Con la reforma del 53, nos reconocieron a las mujeres “la mayoría de edad” para votar, al grado de tener la posibilidad de definir los resultados de la votación por el porcentaje mayoritario que tenemos en el padrón electoral, y por ser quienes más participamos en las elecciones. Pero el derecho a ser votadas para todo cargo de elección popular –como lo establece el articulo 35 constitucional- es un derecho que a pesar de los notables avances que se han tenido, primero con las cuotas de género y ahora con la paridad, no todas las mujeres pueden ejercer a plenitud.
A pesar de que a nivel municipal llegó desde 1947 el reconocimiento del derecho de las mujeres al voto, es ahí donde apenas las mujeres presiden el 13.8% de los ayuntamientos, hay comunidades en las que aún no dejan participar a las mujeres, y a nivel estatal, sólo hemos tenido 7 gobernadoras, una de ellas en vigor. Mientras que en el legislativo a nivel federal se tienen 42% de diputadas y 37% de senadoras, y ya hay 7 congresos locales que han alcanzado una integración paritaria. Es decir, es mayor la brecha de acceso de las mujeres en espacios ejecutivos de toma de decisiones, que en los legislativos, que son órganos colegiados donde las decisiones no recaen fundamentalmente en las mujeres.
Y aún así, si nos referimos a la conquista y efectividad de los derechos políticos, entre ellos a la de ocupar cargos de responsabilidad publica, tendremos que referirnos a los obstáculos que dificultan la participación de las mujeres en las estructuras de poder y de toma de decisiones, el más importante de ellos ahora, la violencia política hacia las mujeres, que busca limitar el ejercicio de nuestros derechos.
Sin embargo, en esta ocasión quiero abordar otra dimensión de la ciudadanía. A pesar de que el concepto de ciudadanía ha ido ampliando los derechos vinculados al concepto en sí, de manera que, si en un principio sólo se beneficiaba de ellos una pequeña élite (modelo griego-romano), más recientemente ha alcanzado una igualación considerable hacia la universalización. El punto de reflexión hacia la paridad en el ámbito de la política ha sido la revisión del concepto de ciudadanía, bajo la consideración de que la sociedad se compone por igual de mujeres y hombres, y en consecuencia, ambos debemos estar representados en porcentajes iguales.

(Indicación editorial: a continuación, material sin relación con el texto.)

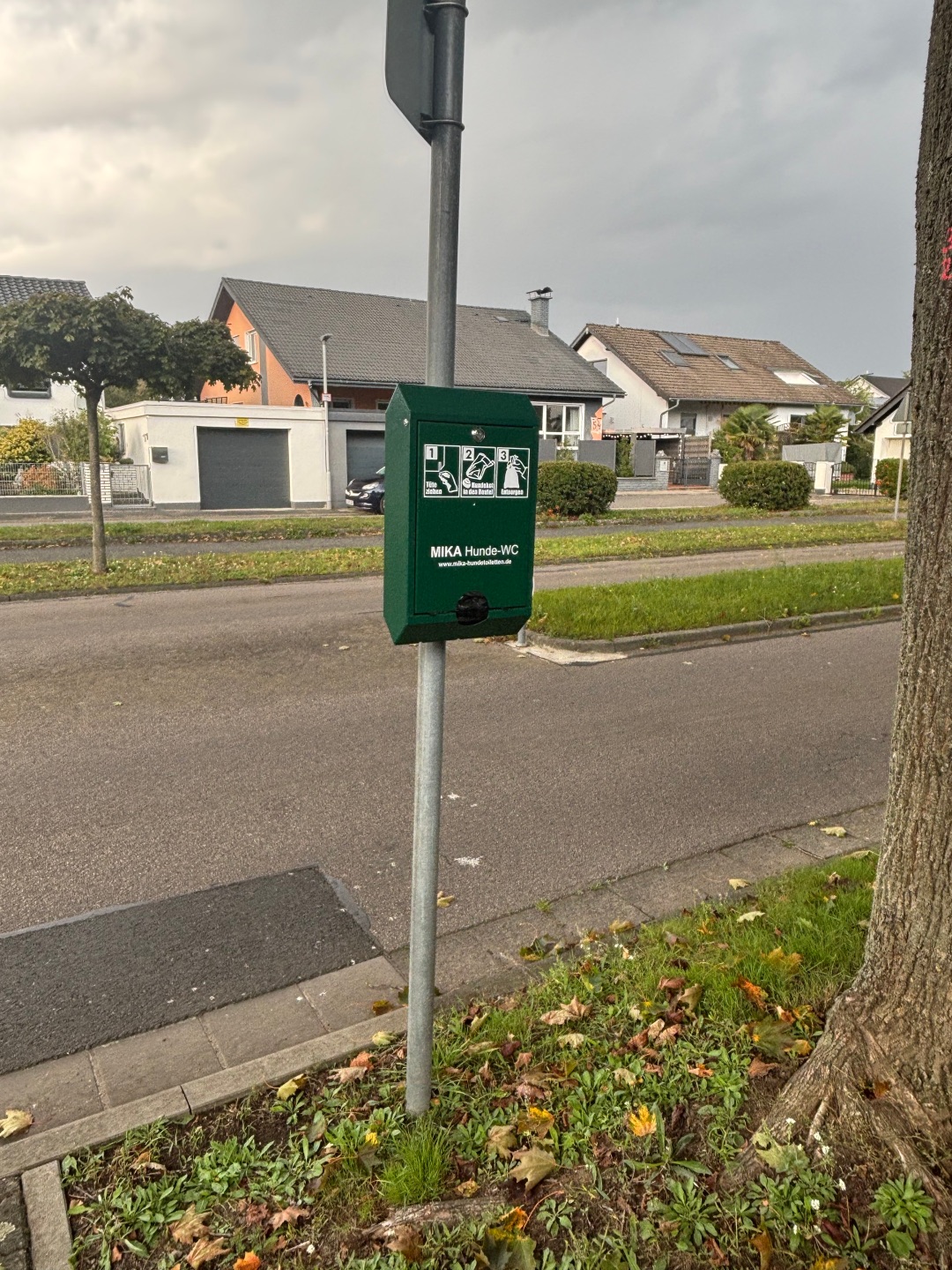 Hundetoilette mit Beutelspender an einem Pfosten am Straßenrand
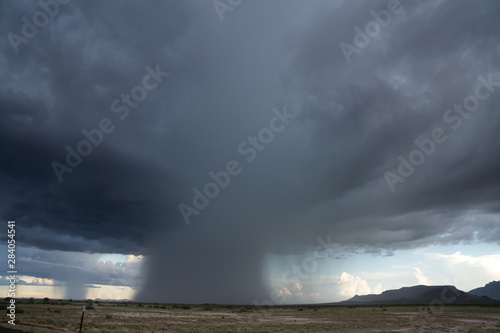 Local rain. Rain pours out of the clouds on the field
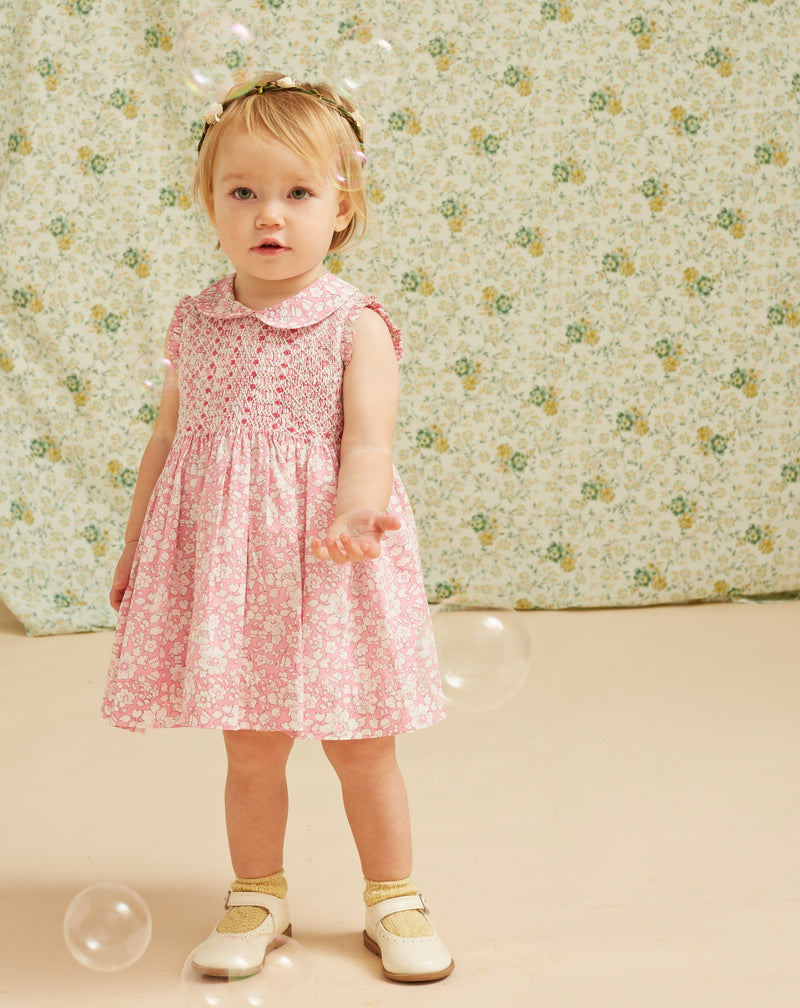 baby in Liberty print dress, pink, floral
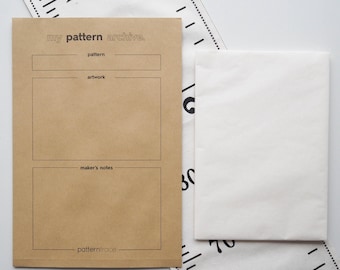 May include: A brown paper pattern archive envelope with the text "my pattern archive." and sections for pattern, artwork, and maker's notes. A white paper envelope and a measuring tape are also visible.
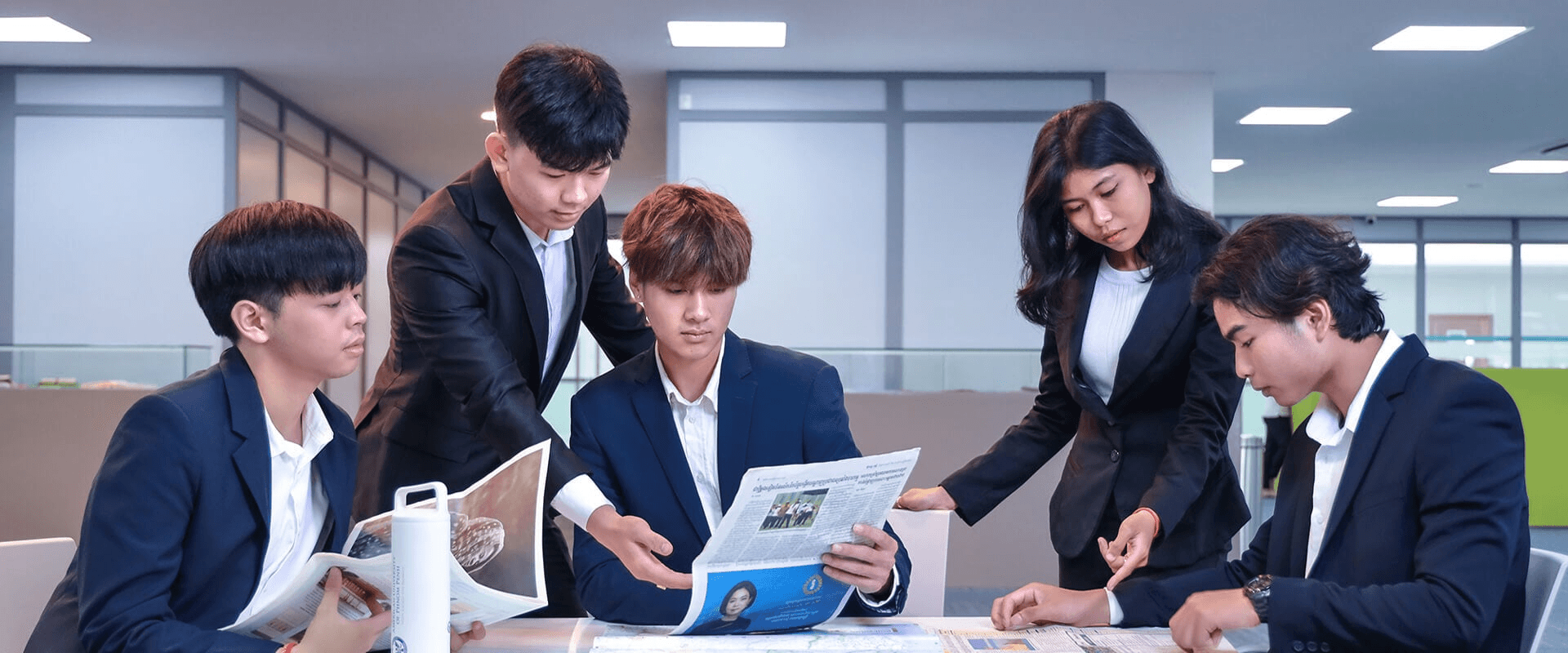 Students collaborating in a professional setting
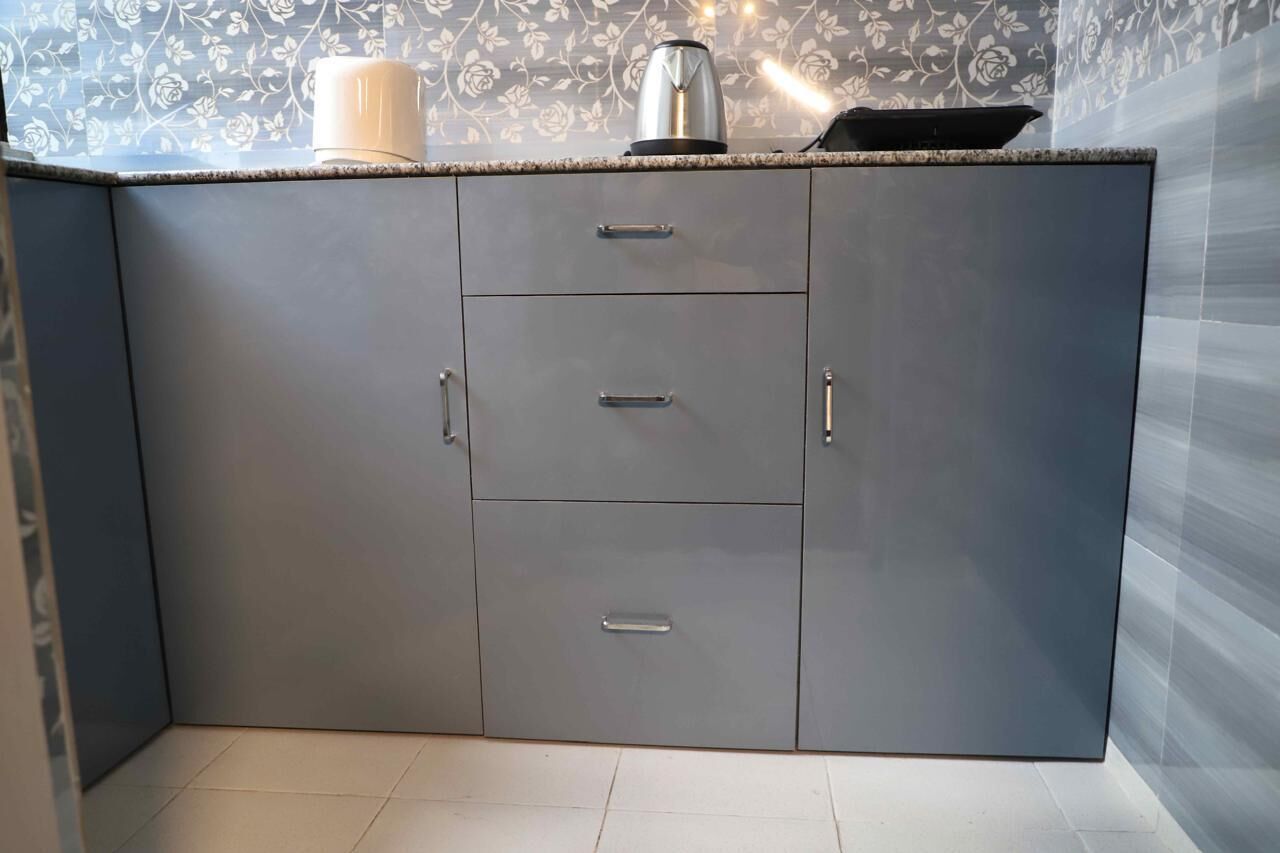 A kitchen with grey cabinets, a countertop, and a kettle.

No se trata únicamente de cubrir una cuota mayor de cargos políticos a favor de las mujeres, sino de reconocer la igualdad entre mujeres y hombres, de manera efectiva y en un sentido amplio.
Como dice la política-filosofa española Carmen Alborch, “cuando hablamos de ciudadanía no se trata sólo de una nueva mirada sobre el espacio de convivencia donde se organizan nuestras vidas, sino del espacio donde se ejercitan nuestros derechos y libertades, donde el uso y el reparto del tiempo y del espacio son determinantes para nuestra calidad de vida.” Porque para alcanzar la plena ciudadanía es preciso propiciar el cambio de las condiciones de vida de las mujeres. Las necesarias transformaciones culturales, los cambios de mentalidad, el cambio de los procesos de socialización, se precisan reformas legales e impulsos políticos para logarlo. Para eso queremos paridad en el poder público.
Citando de nuevo a Carmen Alborch, hablar de ciudadanía “desde el feminismo implica seguir debatiendo, reflexionando, realizando propuestas sobre el mundo que queremos, porque todo nos incumbe, desde los valores, la utilización de la riqueza y la energía hasta cómo organizar nuestras vidas, nuestras relaciones, nuestros espacios”. Ese es el tipo de ciudadanas que queremos ser, y aún hay mucho camino por recorrer.